An election at the Mercedes plant has yet to be confirmed by the National Labor Relations Board, which oversees such votes, let alone scheduled. But the vote at the VW Chattanooga plant is set to take place from April 17 to 19.
“[Mercedes-Benz US International] fully respects our Team Members’ choice whether to unionize and we look forward to participating in the election process to ensure every Team Member has a chance to cast their own secret-ballot vote, as well as having access to the information necessary to make an informed choice,” a spokesperson for the company said in a statement.
The UAW announced an effort to organize workers at 13 carmakers with American factories back in November in the wake of successful contract negotiations that ended strikes at the nation’s three unionized automakers, General Motors, Ford and Stellantis. That includes three US-based electric vehicle makers – Tesla, Rivian and Lucid – as well as eight other foreign automakers beyond VW and Mercedes – BMW, Honda, Hyundai, Mazda, Nissan, Subaru, Toyota, and Volvo.
Those automakers have nearly 150,000 hourly workers at their US plants, according to estimates from the union, or roughly the same as the number of US hourly workers at GM, Ford and Stellantis. The Mercedes plant in Vance, Alabama, just outside of Tuscaloosa, has about 6,000 hourly workers, according to the company’s web site, and primarily assembles SUVs.
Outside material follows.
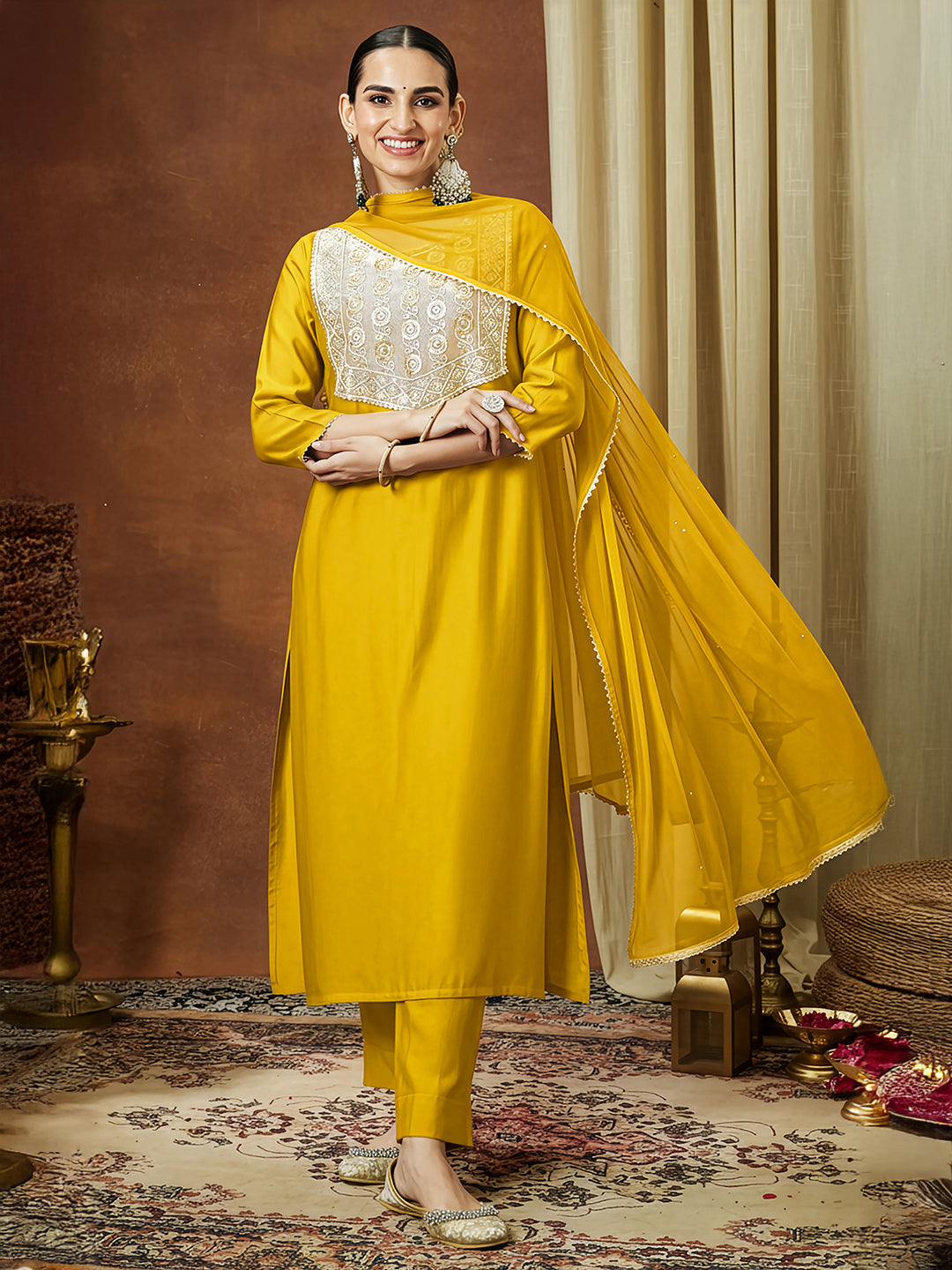 Janasya Women's Mustard Silk Blend Embellished Straight Kurta Set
Winning the right to represent all those workers would be a huge gain for the union’s membership numbers and bargaining clout after decades of shrinking membership. The union had 370,000 members in 2023, according to a union filing, down more than 300,000 members, or 45% of its membership, in the last 20 years.
The decline is due to a combination of decades of plant closings and automation at the unionized plants, combined with a lack of organizing drives that had characterized the first half of the 20th century. The plant closings came as the unionized automakers have shifted some production to Mexico, but mostly from the loss of market share to the nonunion automakers. In 1999, data from Edmunds shows the traditional Big Three had total US sales of 11.5 million vehicles and 68% of the market. By last year, that had fallen by nearly half to 6.1 million vehicles, leaving them with only about 40% of US sales.
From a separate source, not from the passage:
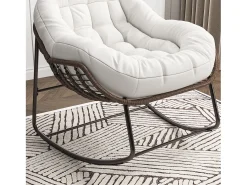Poltrona* Cadeira relaxante, Cadeira de baloiço simples em vime, Cadeira em vime tecida à mão, Vime, Tecido impermeável, , 90 x 105 x 80 cm Bege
But by waging an unprecedented strike against all three unionized automakers last year, the union won an immediate pay increase of at least 11% for its members, and pay hikes expected to total more than 30% of the four-and-half year life of the contract.
Several of the nonunion automakers, including Toyota, Honda, Hyundai and Subaru, have confirmed their own pay raises since the UAW contracts were reached to end a six-week strike at the three unionized automakers. The union is calling those raises the “UAW bump,” and is using the contract gains as a central part of its organizing efforts.
But winning an organizing vote will be difficult. Many of the nonunion auto plants are in southern states like Tennessee and Alabama where support for unions is generally low.
While the UAW has filed for a vote at Mercedes’ Alabama plant, it has yet to file for a vote at its plant in Charleston, South Carolina. A high-profile union organizing vote at an Amazon warehouse in nearby Bessemer, Alabama was defeated in a close vote in 2021.
And management of the non-union automakers is likely to fight union organizing efforts. The UAW has already filed unfair labor practice complaints against Mercedes with the National Labor Relations Board alleging that union supporters were illegally disciplined or fired for their support of the union.